• Material for the task

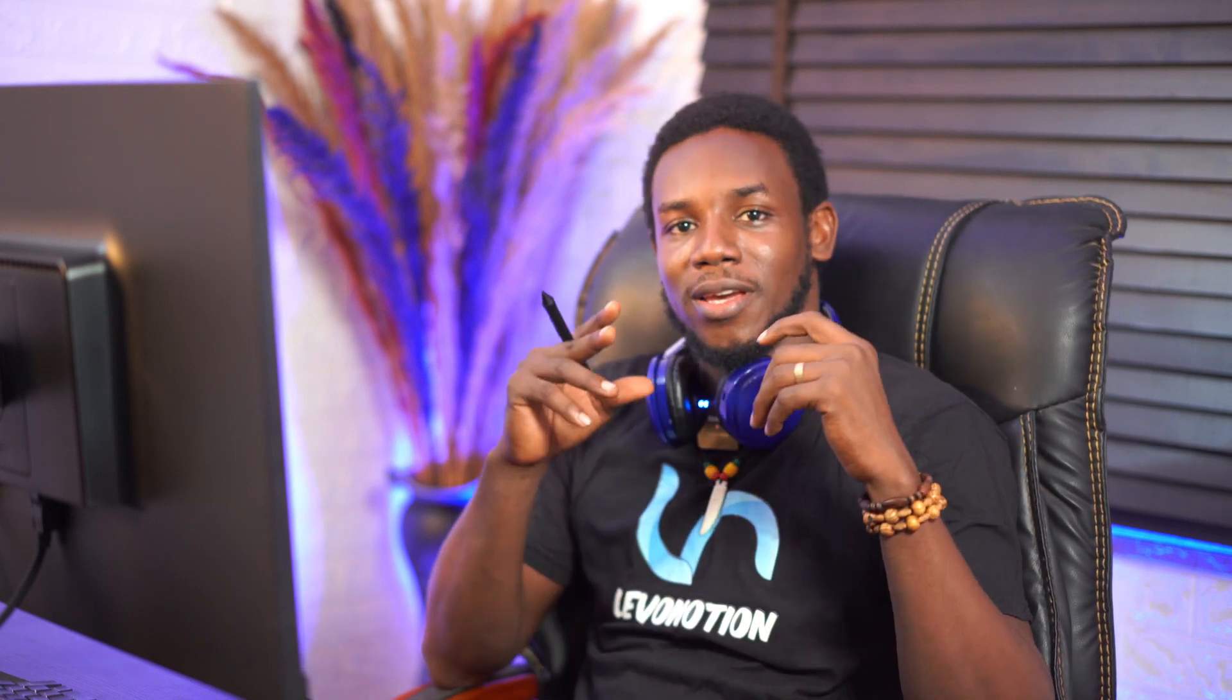Hi guys, welcome to another episode of how to do tutorials by Level Notion Studios. This is Supersam once again and in this very episode I'm gonna show you how you can create lip sync using grease pencil in Blender.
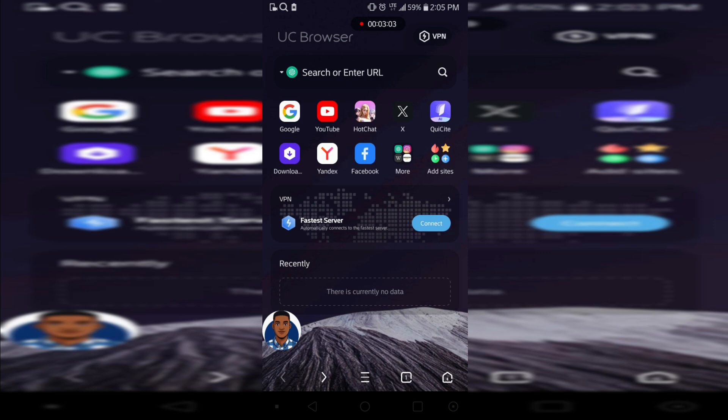So that's it on UC Browser's inbuilt VPN. I don't think it's worth it. You can just connect another VPN and then use it. But since I'm making a review on the app, I think I'm going to talk about everything. That's why I made this video.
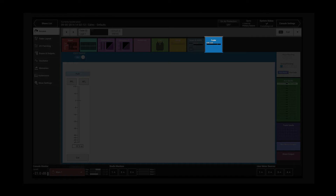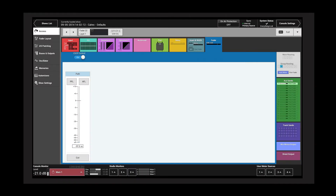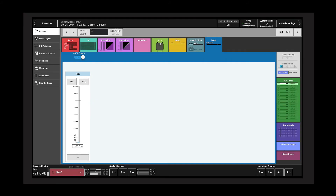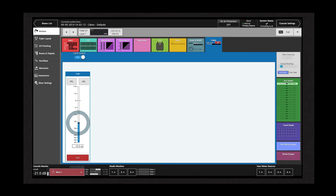Tap the fader processing tab to reveal an on-screen replication of some of the physical fader controls. The fader controls apply to the currently accessed fader. The functions are cut, fader level, PFL, and AFL.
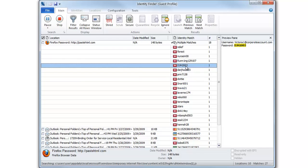While Identity Finder searches, you may click on any one of the results and view it in the preview pane on the right.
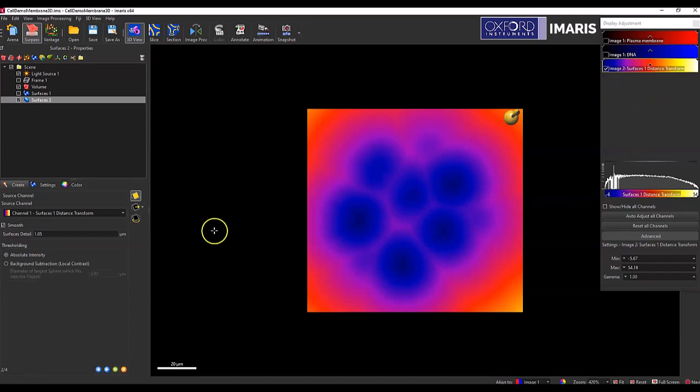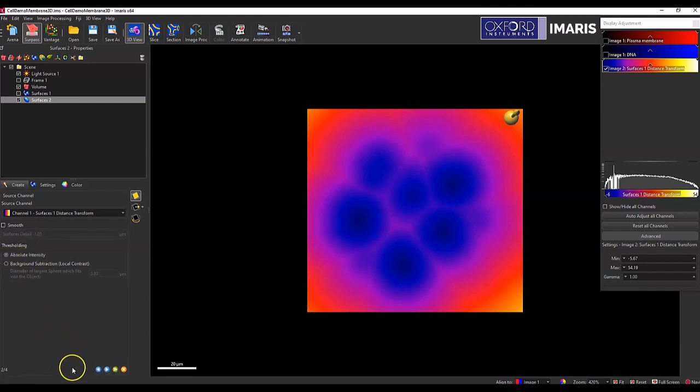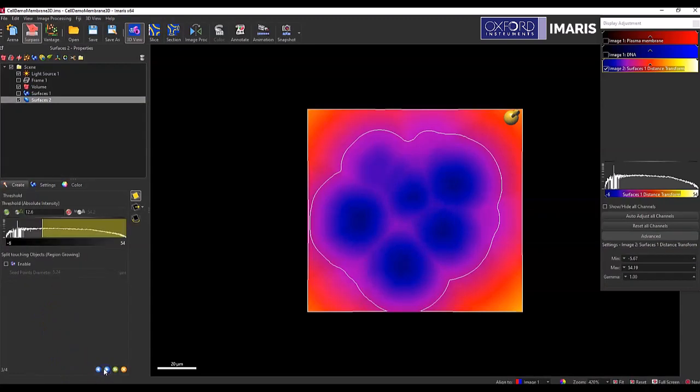So once I have that in, I will now create my dilation surface and the way I go about doing that is first remove any type of smoothing factor and you need to be using thresholding that's based on absolute intensity, not background subtraction.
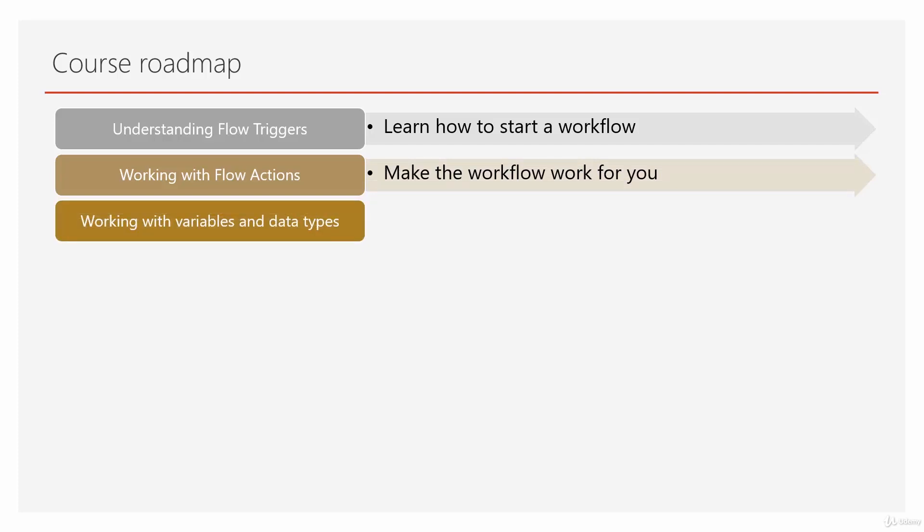Then it's time to work with variables and data types. We need to store data in flow, work with the data, convert data from one format to another, and do calculations. For all those things, we need to work with variables.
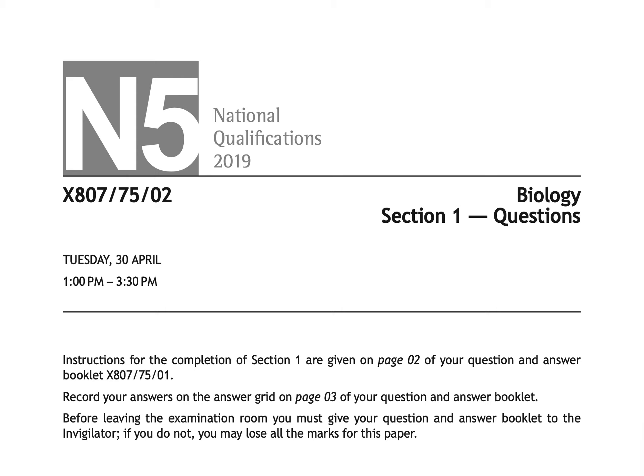Hi everyone and welcome back to National 5 Biology. The purpose of this video is to go through the multiple choice section of the 2019 National 5 Biology exam. I'll explain the questions, give the answers, and provide an explanation.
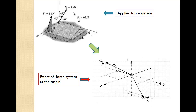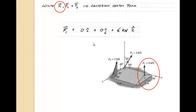The first thing we need to do is write F1 in Cartesian vector form. F1 is already in Cartesian vector form — it just has a Z component of 6 kilonewtons. You might notice there's a cable, but it's symmetric on each side, so the force is being pulled just in the Z direction.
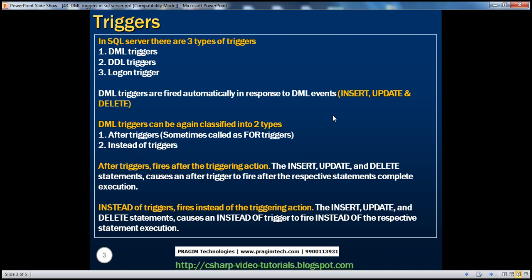DML triggers can be classified into two types: after triggers and instead-of triggers. After triggers are sometimes also called for triggers. So 'for' and 'after' triggers in SQL Server mean one and the same.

• Description of the task
When you reach the line holding "So that's it" in the listing above, begin retyping exactly, and stop once the line holding "The first thing" is done; pictures stay out.

• Exercise solution
So that's it on UC Browser's inbuilt VPN. I don't think it's worth it. You can just connect another VPN and then use it. But since I'm making a review on the app, I think I'm going to talk about everything. That's why I made this video.
Tap the fader processing tab to reveal an on-screen replication of some of the physical fader controls. The fader controls apply to the currently accessed fader. The functions are cut, fader level, PFL, and AFL.
While Identity Finder searches, you may click on any one of the results and view it in the preview pane on the right.
So once I have that in, I will now create my dilation surface and the way I go about doing that is first remove any type of smoothing factor and you need to be using thresholding that's based on absolute intensity, not background subtraction.
Then it's time to work with variables and data types. We need to store data in flow, work with the data, convert data from one format to another, and do calculations. For all those things, we need to work with variables.
Hi everyone and welcome back to National 5 Biology. The purpose of this video is to go through the multiple choice section of the 2019 National 5 Biology exam. I'll explain the questions, give the answers, and provide an explanation.
The first thing we need to do is write F1 in Cartesian vector form. F1 is already in Cartesian vector form — it just has a Z component of 6 kilonewtons. You might notice there's a cable, but it's symmetric on each side, so the force is being pulled just in the Z direction.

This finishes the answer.